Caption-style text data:
= Beginning of Section =

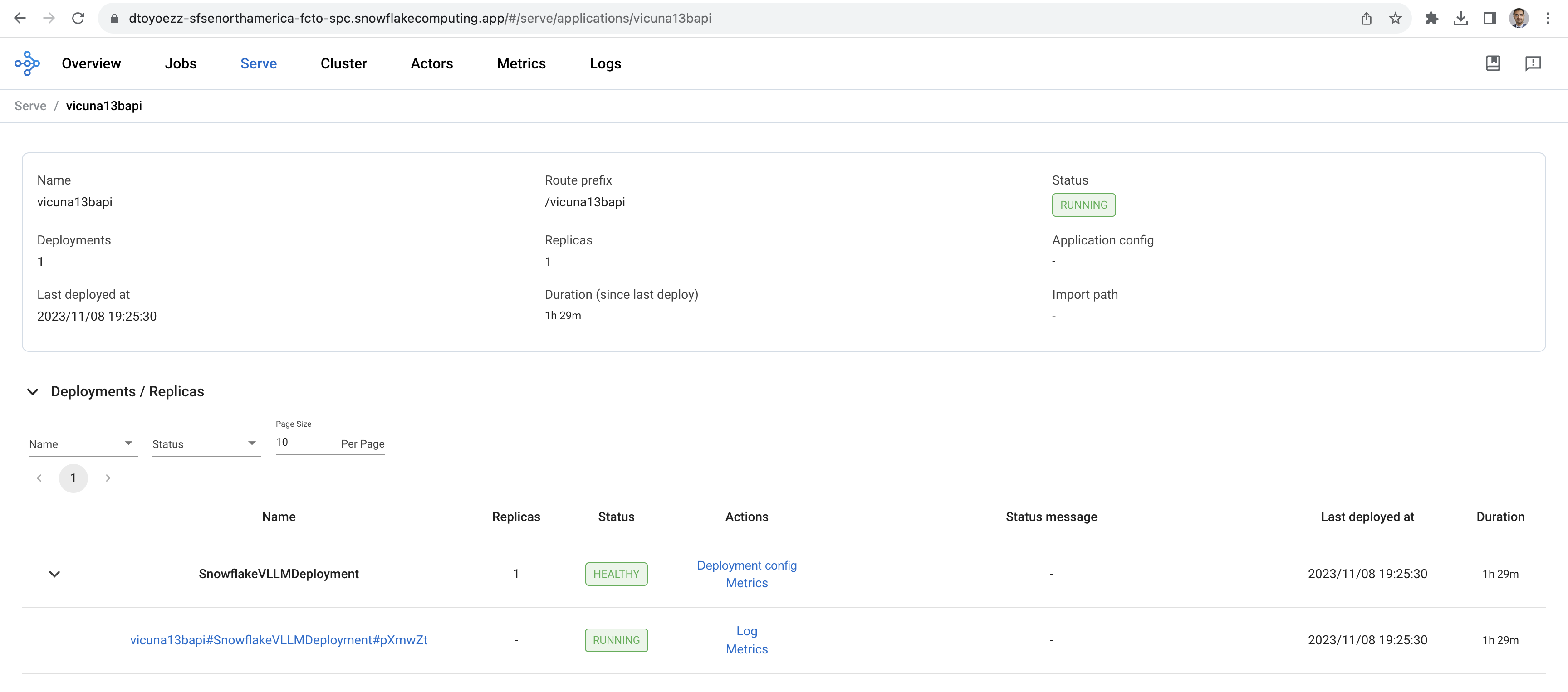 Ray Serve API on SPCS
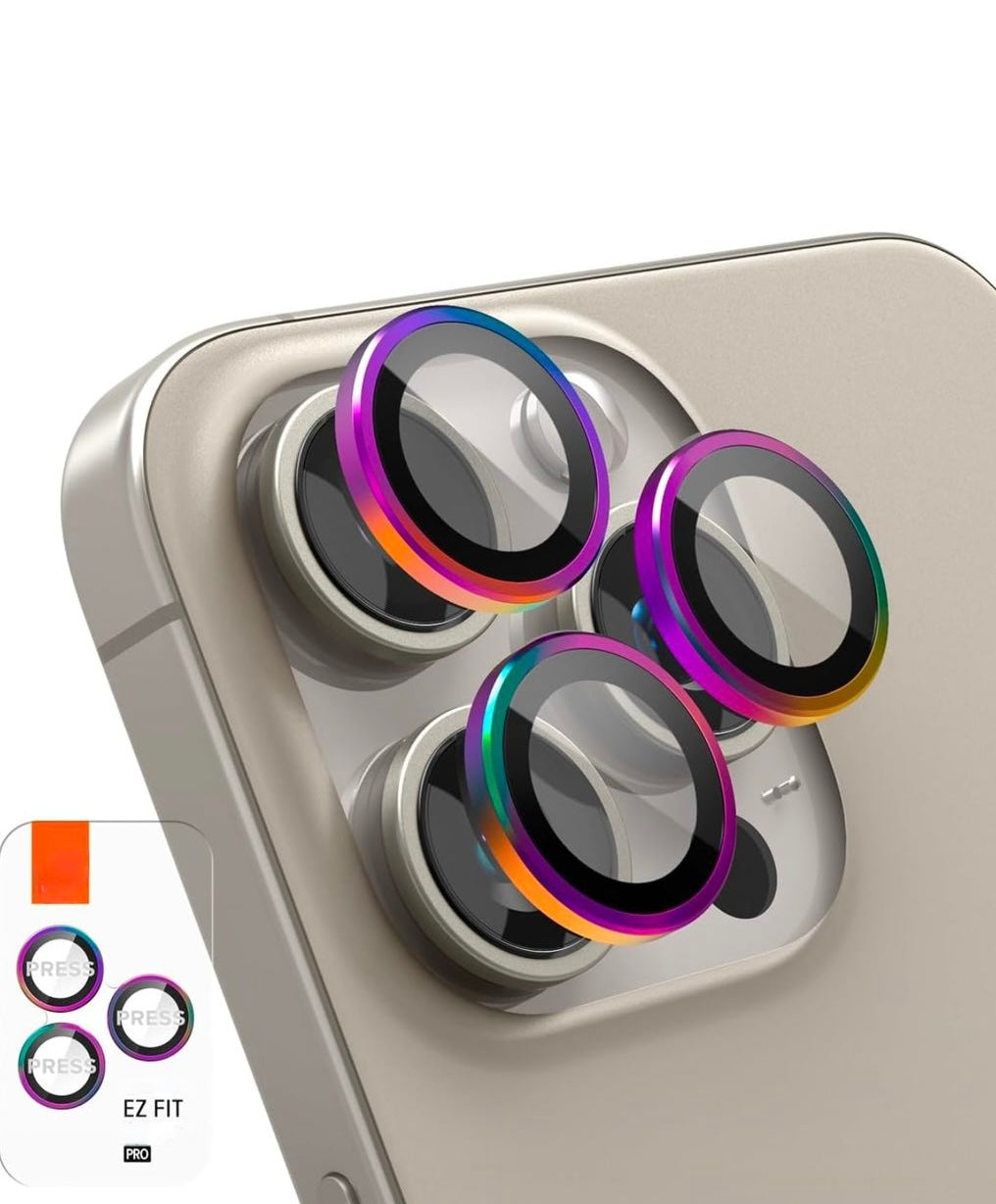 iPhone Camera Lens Protector for iPhones – 9H Hardness, Anti-Fingerprint, Aura Color, Original Quality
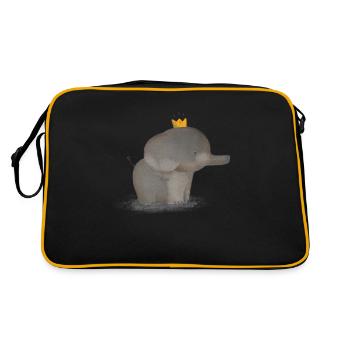 Petit éléphant mignon - Sac Retro - noir/or - Dos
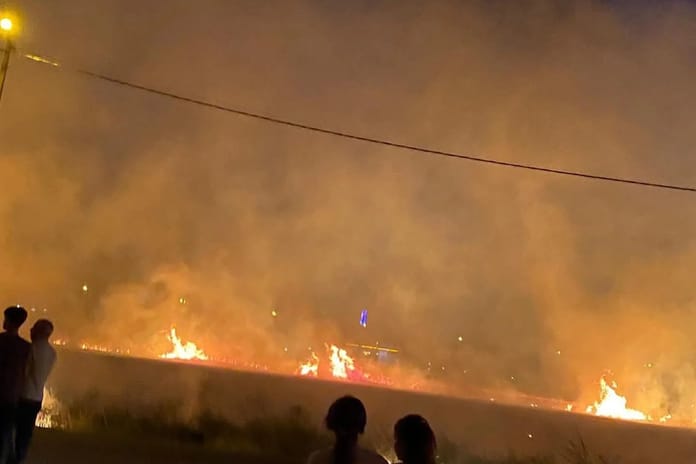 Diyarbakır'da 40 dönüm buğday tarlası yangında kül oldu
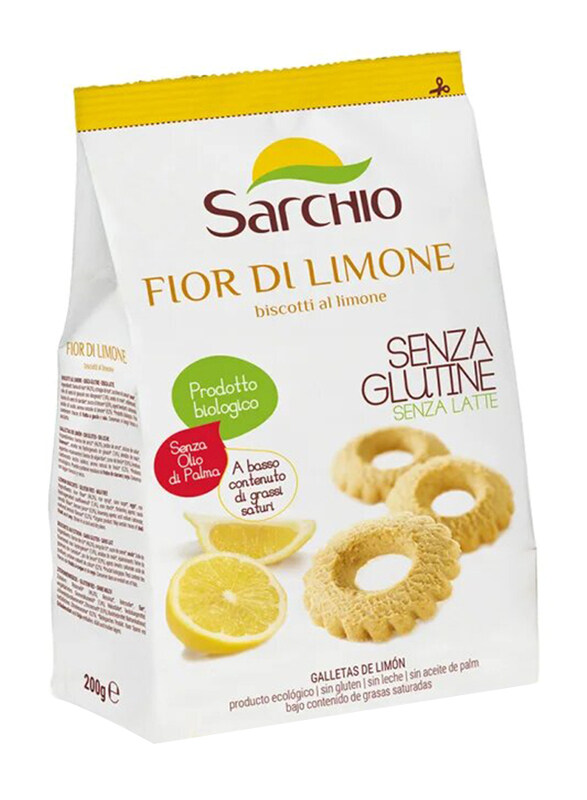 

Sarchio Gluten Free Lemon Biscuits, 12 x 200g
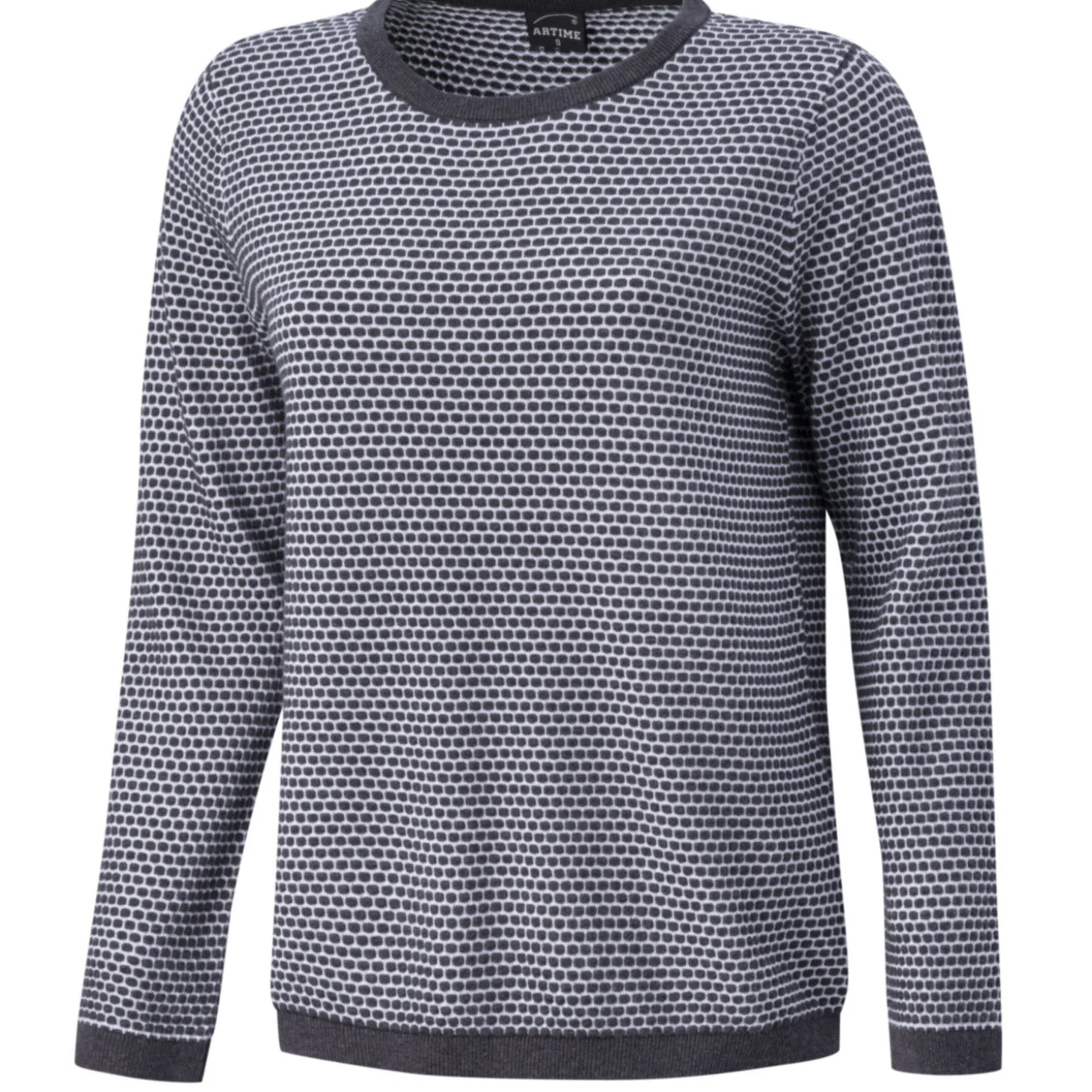 Two Tone Pullover für Damen mit Struktur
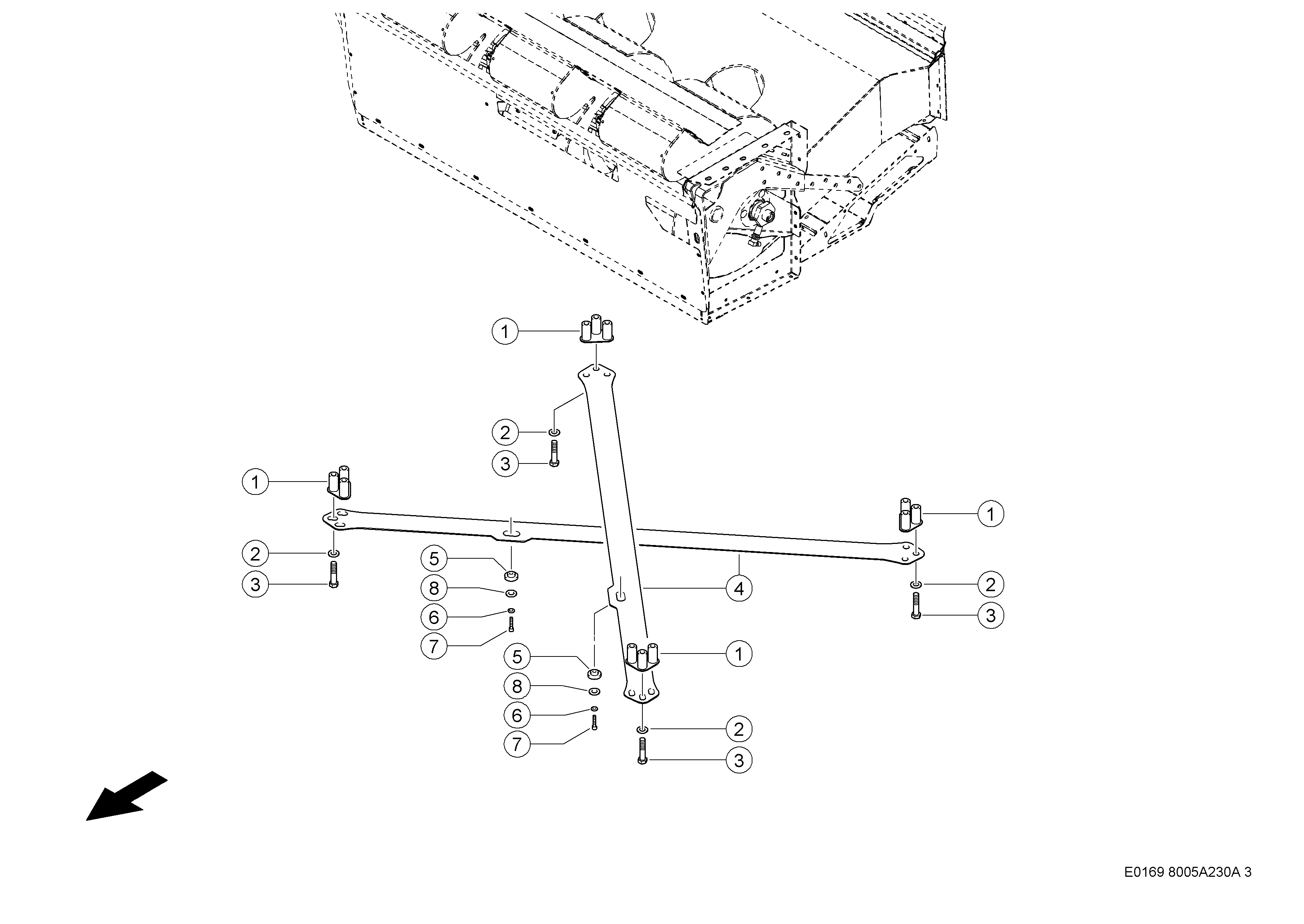 E0169 001 a1b075 230 DIAGONAL BRACES d3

= End of Section =

| What to work on |
Give the lines of the entries above exactly as they appear, leaving out each picture.

| Task answer |
 Ray Serve API on SPCS
 iPhone Camera Lens Protector for iPhones – 9H Hardness, Anti-Fingerprint, Aura Color, Original Quality
 Petit éléphant mignon - Sac Retro - noir/or - Dos
 Diyarbakır'da 40 dönüm buğday tarlası yangında kül oldu

Sarchio Gluten Free Lemon Biscuits, 12 x 200g
 Two Tone Pullover für Damen mit Struktur
 E0169 001 a1b075 230 DIAGONAL BRACES d3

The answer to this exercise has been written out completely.